Benchmark and compare multiple `mdist()` specifications

Applies [mdist()] repeatedly over a tibble of distance-method specifications, typically generated with [all_dist_method_specs()]. It then compares every pair of successful distance specifications using distance, configuration, and optional clustering diagnostics.

Usage

benchmark_mdist(
  x,
  response = NULL,
  specs = all_dist_method_specs(),
  dims = 2,
  cluster_k = NULL,
  cluster_methods = c("pam", "hclust", "spectral"),
  hclust_method = "average",
  spectral_sigma = NULL,
  spectral_nstart = 50
)

Arguments

x: A data frame or tibble of predictors, optionally including the response column.
response: Optional response column inside `x`, supplied either unquoted or as a character string.
specs: A tibble of method specifications. By default, this is generated with [all_dist_method_specs()]. It must contain the columns `spec_type`, `preset`, `method_cat`, `method_num`, and `commensurable`. An optional `label` column supplies display labels for comparisons and plots.
dims: Integer. Number of dimensions used by classical multidimensional scaling when computing congruence and alienation coefficients.
cluster_k: Optional integer. Number of clusters used for pairwise adjusted Rand indices. If `NULL`, no clustering is performed.
cluster_methods: Character vector specifying the clustering methods used when `cluster_k` is supplied. Possible values are `"pam"`, `"hclust"`, and `"spectral"`.
hclust_method: Character string specifying the linkage method passed to [stats::hclust()] when `"hclust"` is requested.
spectral_sigma: Optional numeric value for the Gaussian affinity bandwidth used by spectral clustering. If `NULL`, the default used by [spectral_dist()] is applied.
spectral_nstart: Integer. Number of random starts used by the k-means step in spectral clustering.

Value

An object of class `"MDistBenchmark"`, which is also a tibble. It contains the supplied specifications together with:

result: The corresponding output of [mdist()], or an error object if the specification failed.
ok: Logical indicator; `TRUE` if the run completed successfully, `FALSE` otherwise.
error: Error message for failed runs, `NA` otherwise.

Use [benchmark_comparisons()] to obtain the pairwise diagnostics and [ggplot2::autoplot()] to draw an annotated triangular heatmap.

Details

Each row of `specs` is interpreted as one valid `mdist()` configuration. Preset-based and custom component-based specifications are both supported. Failed specifications are caught and returned in the output rather than stopping the full benchmark.

Preset specifications use the `preset` column and ignore `method_cat`, `method_num`, and `commensurable`. Component specifications are evaluated as `preset = "custom"` and use `method_cat`, `method_num`, and `commensurable`.

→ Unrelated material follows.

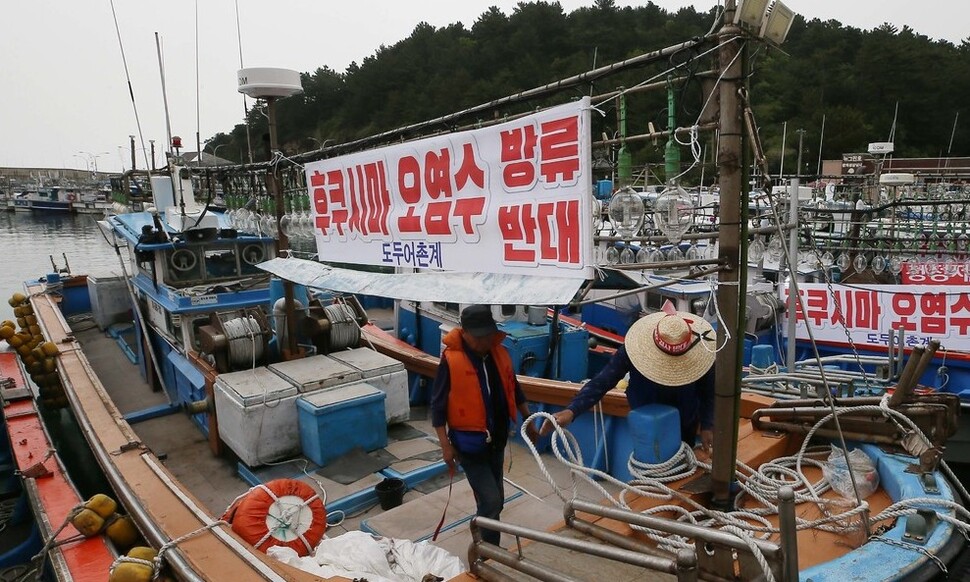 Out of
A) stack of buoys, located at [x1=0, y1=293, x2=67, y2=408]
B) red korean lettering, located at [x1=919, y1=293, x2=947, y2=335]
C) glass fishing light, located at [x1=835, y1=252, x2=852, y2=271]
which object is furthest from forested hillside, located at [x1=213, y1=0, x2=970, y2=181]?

Pairwise mean absolute difference (`mad`) is computed from the lower triangle of each dissimilarity matrix. The symmetric relative distance is defined as $$ \frac{2\,\mathrm{mean}(|d_a-d_b|)} {\mathrm{mean}(|d_a|)+\mathrm{mean}(|d_b|)}. $$ Classical multidimensional scaling configurations are compared using [congruence_coeff()]. The corresponding alienation coefficient is $\sqrt{1-c^2}$.

When `cluster_k` is supplied, each requested clustering method is applied once to every successful distance specification. Partitions produced by the same clustering method are then compared pairwise using the adjusted Rand index. When `cluster_k = NULL`, no clustering is performed and no ARI columns are included in the comparisons.

Examples

if (requireNamespace("palmerpenguins", quietly = TRUE)) {
  data("penguins", package = "palmerpenguins")

  penguins_small <- palmerpenguins::penguins |>
    dplyr::select(
      species, bill_length_mm, bill_depth_mm, flipper_length_mm,
      body_mass_g, island, sex
    ) |>
    tidyr::drop_na()

  specs <- all_dist_method_specs(
    mode = "presets_only",
    preset = c("gower", "u_indep", "u_dep")
  )

  res <- benchmark_mdist(
    penguins_small,
    response = species,
    specs = specs
  )

  res |>
    dplyr::select(spec_type, preset, ok, error)

  benchmark_comparisons(res)
  ggplot2::autoplot(res, metric = "relative_distance")
}
#> Warning: For method(s) 'matching', category dissimilarities do not depend on conditional profiles; `response` was therefore ignored.